Programmers should generally avoid inlining functions manually. Inlining functions carries a high risk of significantly reducing the readability of code, increasing the likelihood of errors, and making it harder to update and maintain functions. For example, trying to inline the isPrime function in the getNextPrime function will greatly reduce the readability of getNextPrime.

12.2.2. Loop Unrolling

The last compiler optimization strategy we discuss in this section is loop unrolling. Let’s revisit the isPrime function:

// helper function: checks to see if a number is prime
int isPrime(int x) {
    int i;
    int max = sqrt(x) + 1;

    // no prime number is less than 2
    for (i = 2; i < max; i++) {
        // if the number is divisible by i
        if (x % i == 0) {
            return 0; // it's not prime
        }
    }
    return 1; // otherwise it is
}

The for loop executes a total of max times, where max is one more than the square root of integer x. At the assembly level, every execution of the loop checks to see whether i is less than max. If so, the instruction pointer jumps to the body of the loop, which computes the modulo operation. If the modulo operation results in 0, the program immediately exits the loop and returns 0. Otherwise, the loop continues execution. While branch predictors are fairly good at predicting what a conditional expression evaluates to (especially inside loops), wrong guesses can result in a hit to performance, due to disruptions in the instruction pipeline.

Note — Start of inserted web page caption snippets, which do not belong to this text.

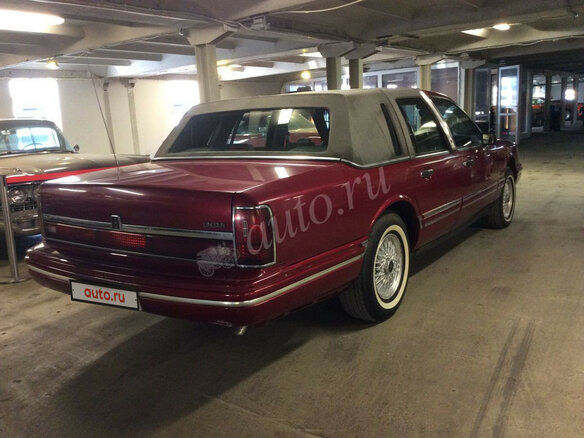 1993 Lincoln Town Car II, красный - вид 3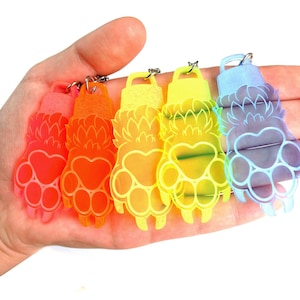 Mini Schlüsselanhänger / UV leuchtende pelzige Fandom Pfoten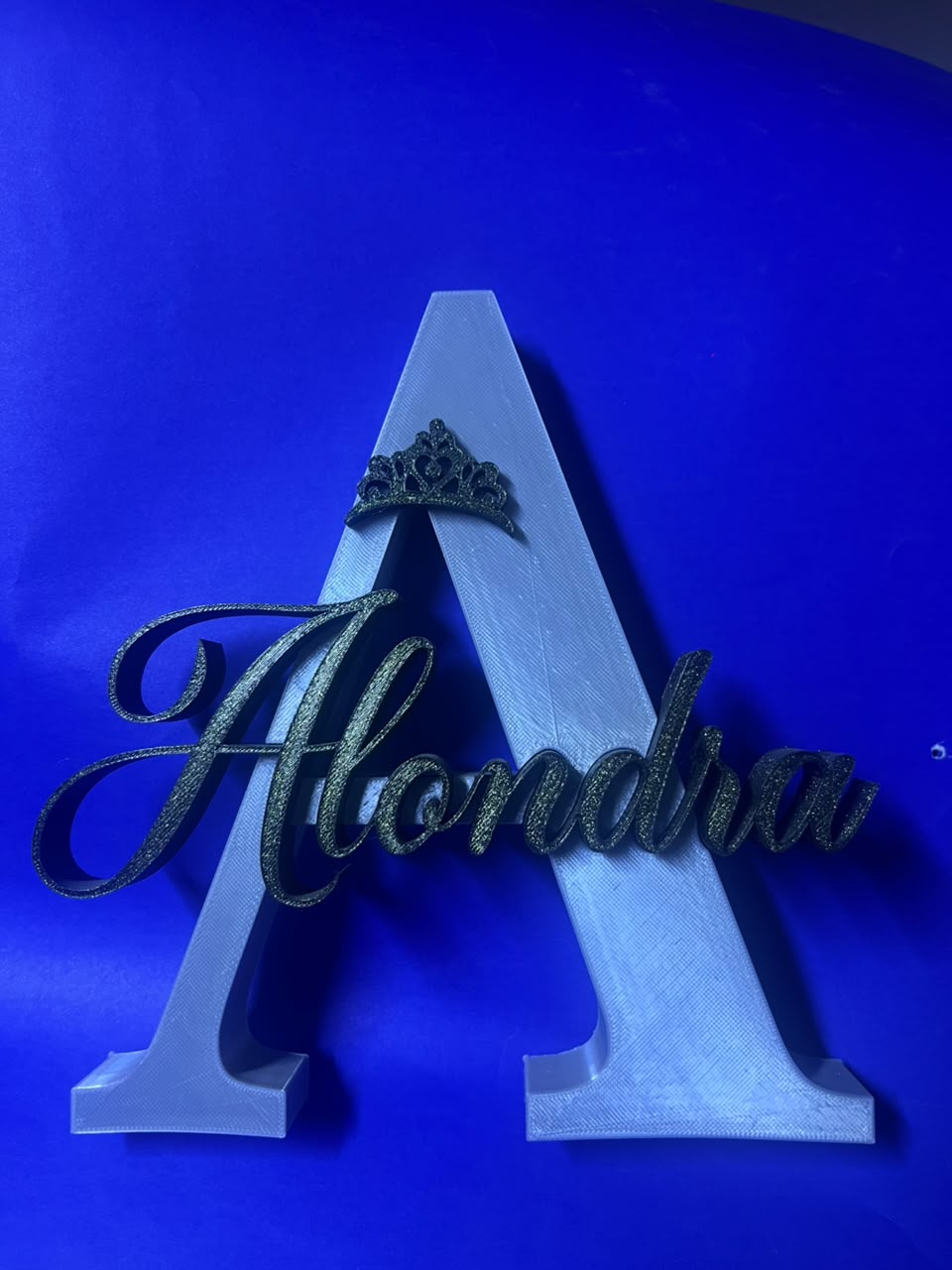 Letra Inicial Personalizada 3D con Nombre en Relieve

Loop unrolling is an optimization that compilers perform to reduce the impact of wrong guesses. In loop unrolling, the goal is to reduce the number of iterations of a loop by a factor of n by increasing the workload that each iteration performs by a factor of n. When a loop is unrolled by a factor of 2, the number of iterations in the loop is cut by half, whereas the amount work performed per iteration is doubled.

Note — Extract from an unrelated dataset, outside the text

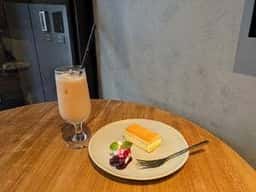 BUNDOZA CAFE&BAR
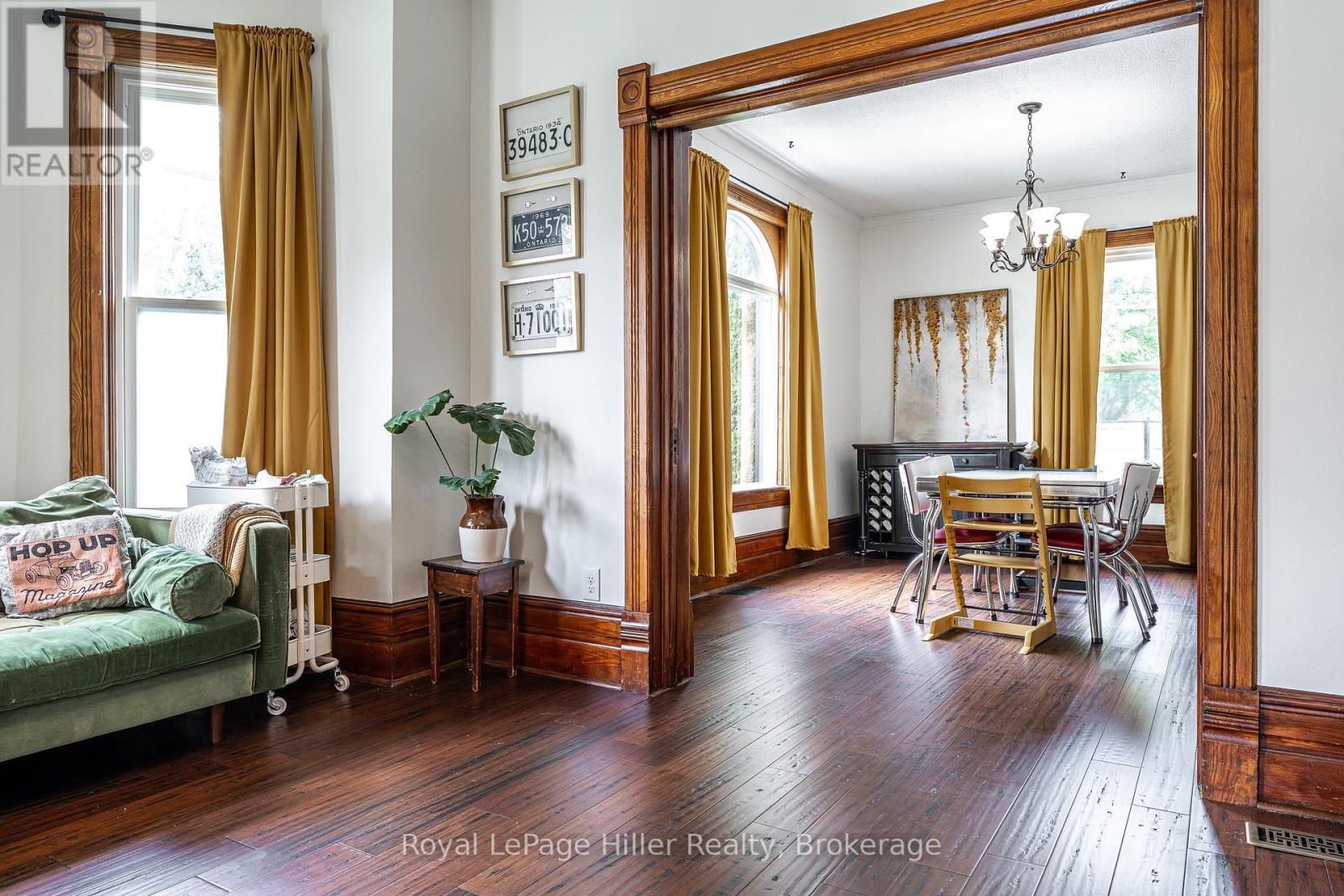 125 HOPE STREET E - 11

Let’s manually apply 2-factor loop unrolling to our isPrime function (available in optExample3.c):

// helper function: checks to see if a number is prime
int isPrime(int x) {
    int i;
    int max = sqrt(x)+1;

    // no prime number is less than 2
    for (i = 2; i < max; i+=2) {
        // if the number is divisible by i or i+1
        if ( (x % i == 0) || (x % (i+1) == 0) ) {
            return 0; // it's not prime
        }
    }
    return 1; // otherwise it is
}

Notice that even though we have halved the number of iterations that the for loop takes, each iteration of the loop now performs two modulo checks, doubling the amount of work per iteration. Recompiling and rerunning the program results in marginally improved times (see Table 2). The readability of the code is also reduced. A better way to utilize loop unrolling is to invoke the -funroll-loops compiler optimization flag, which tells the compiler to unroll loops whose iterations can be determined at compile time. The -funroll-all-loops compiler flag is a more aggressive option that unrolls all loops whether or not the compiler is certain of the number of iterations. Table 2 shows the runtimes of the manual 2-factor loop unrolling (available in optExample3.c) compared to adding the -funroll-loops and -funroll-all-loops compiler optimization flags to the previous program (optExample2.c).

Table 2. Time in Seconds to Produce 5,000,000 Prime Numbers
Version Unoptimized -O1 -O2 -O3

Original (optExample.c)

3.86

2.32

2.14

2.15

With loop-invariant code motion (optExample2.c)

1.83

1.63

1.71

1.63

With manual 2-factor loop unrolling (optExample3.c)

1.65

1.53

1.45

1.45

With -funroll-loops (optExample2.c)

1.82

1.48

1.46

1.46

With -funroll-all-loops (optExample2.c)

1.81

1.47

1.47

1.46

While manual loop unrolling does result in some performance improvement, the compiler’s built-in loop unrolling flags when combined with the other optimization flags yield comparable performance. If a programmer wants to incorporate loop unrolling optimizations into their code, they should default to using the appropriate compiler flags, and not manually unroll loops themselves.